We offer an integrative approach to counselling which incorporates several theories and also allows a flexible and adaptive approach, so the work is not a one size fits all process. Some approaches we draw on include:
Cognitive Behavioural Therapy (CBT)
The counsellor may take more of a directive role in the counselling process. They work with the client to achieve agreed goals and clients may receive homework to do outside of the sessions. These may include thought records, reading or diaries. The counsellor teaches clients ways to change thoughts and expectations, and it is proven to be useful for stress-related ailments, phobias, obsessions and depression.

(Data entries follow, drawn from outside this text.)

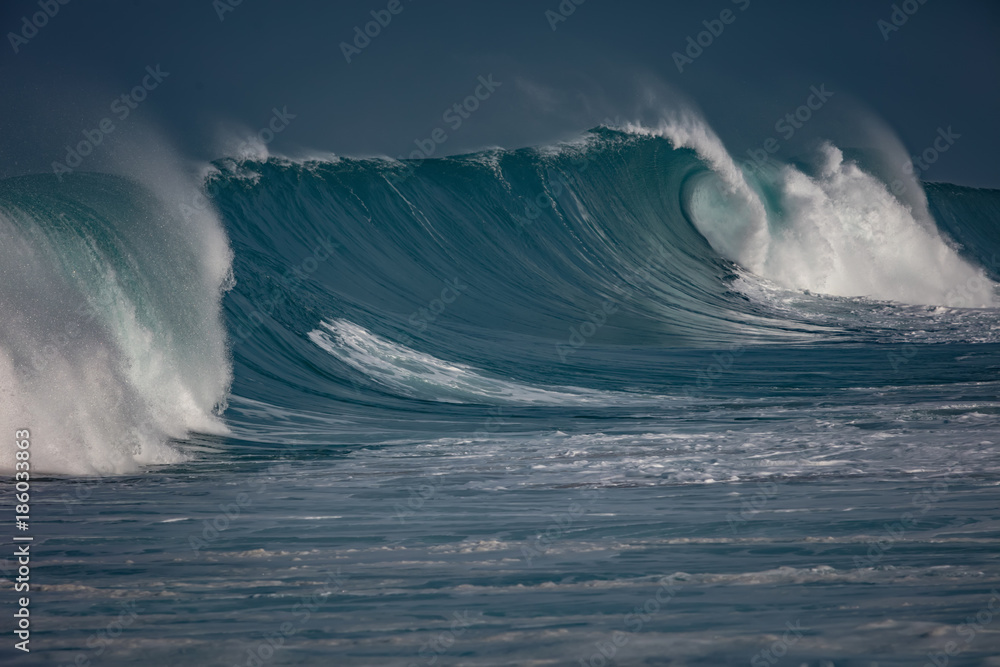Wall mural huge waves crashing in ocean. seascape environment background. water texture with foam and splashes.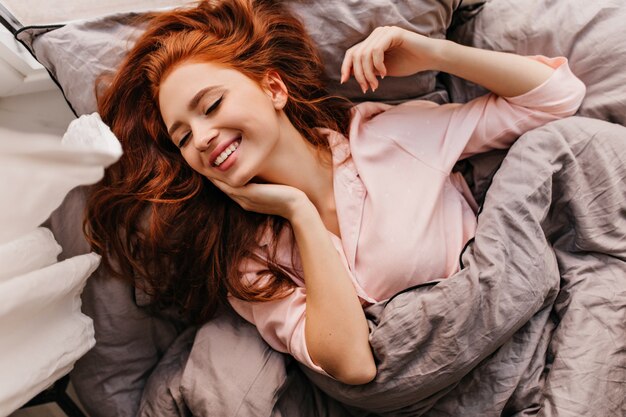 Adorable young woman spending morning in bed. Graceful ginger girl relaxing in weekend.
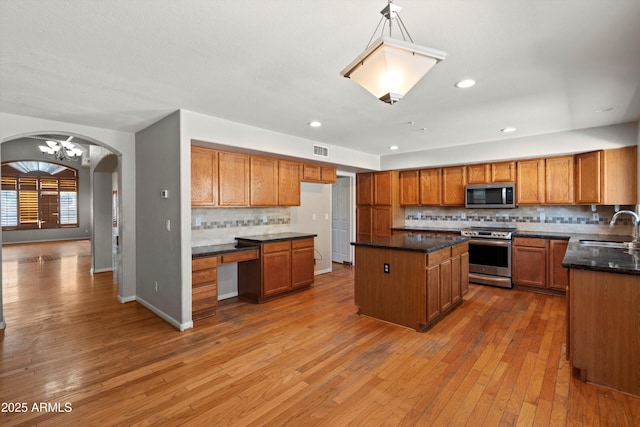 2024 N 125th Ave, Avondale, AZ 85392 - kitchen featuring appliances with stainless steel finishes, brown cabinets, arched walkways, decorative backsplash, and wood-type flooring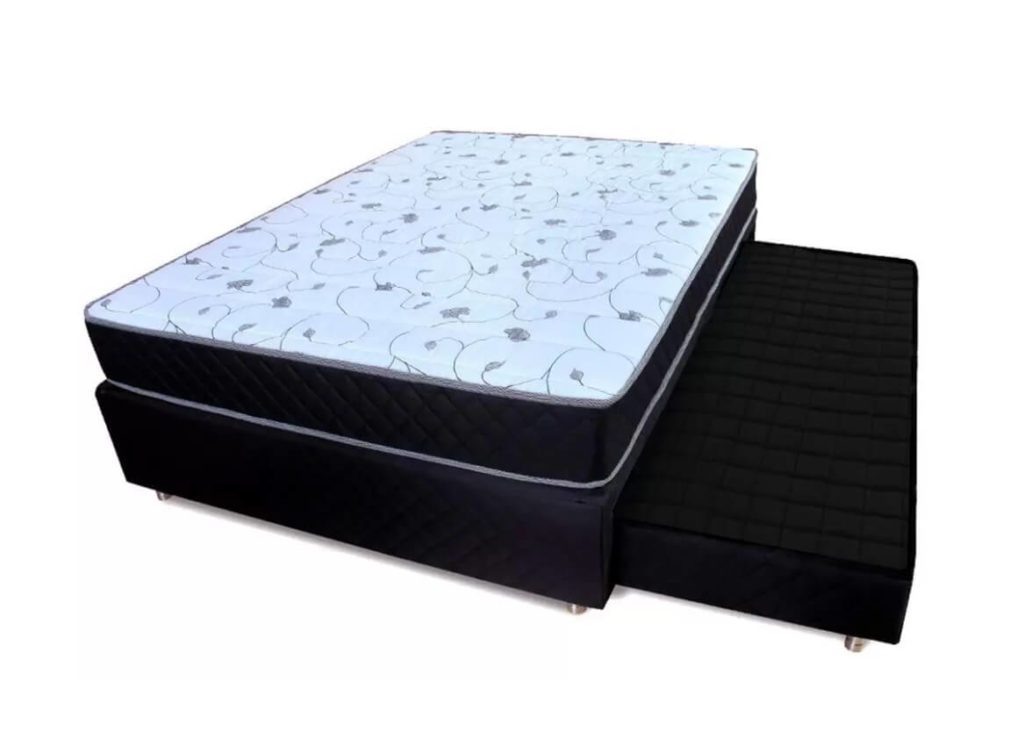 Foto que ilustra matéria sobre tipos de cama mostra uma cama box com outra cama auxiliar com rodinhas que saí por baixo.
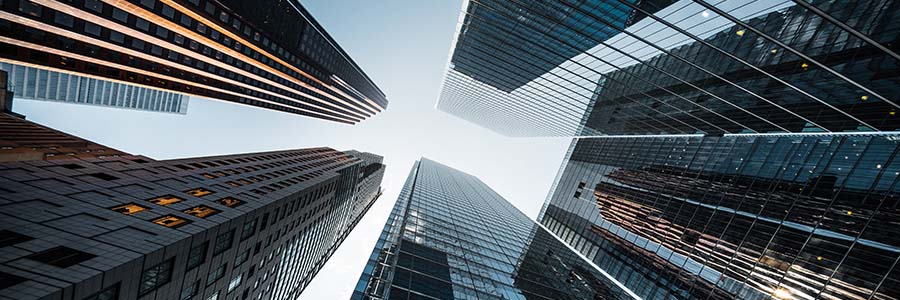 Looking upwards at office buildings.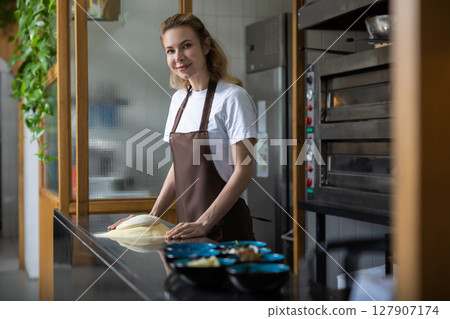 Young woman in apron kneading the dough for cooking pizza 127907174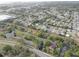 A picturesque aerial shot captures a serene residential area near a winding creek and lush greenery at 7314 Princeton Dr, Hudson, FL 34667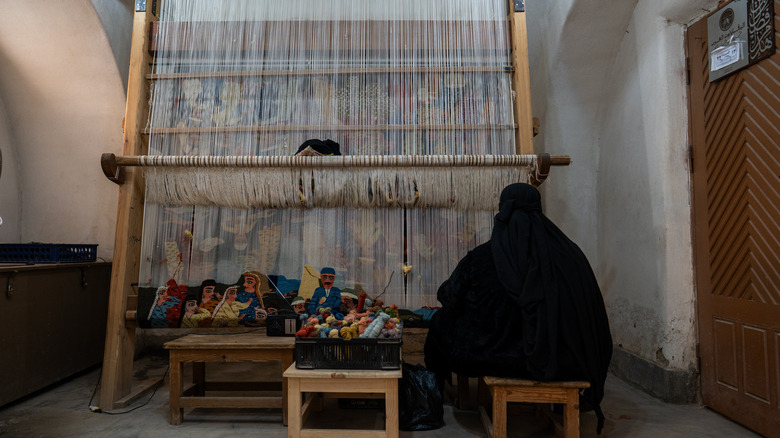Woman weaving rug on a loom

This approach draws on the view that the client is fully capable of fulfilling their potential. Clients are allowed to freely express any emotions and feelings without being judged in any way enabling the client to come to terms with negative feelings or emotional problems and develop personal skills. The objective is for the client to be in control and see that they have the freedom to change.
Attachment theory looks at the relationships between people. Attachment is a strong emotional connection, such as the bond between a child and caregiver. It helps to explain development and personality and, attachment to other human beings are the hub around which clients life revolves. From these attachments, a client draws strength and enjoyment of life. The counsellor and client work together to explore these attachments and how they influence the client’s life positively or negatively, what the client’s innate needs are and how to meet these needs.
This is a specific way of intentionally paying attention to one's thoughts and, it draws on the idea that one negative thought can cause a chain reaction of negative thoughts. Clients are encouraged to pay attention to each thought and see them as thoughts, not fact. This breaks the chain and gives mental space to re-centre/ground a client in the present.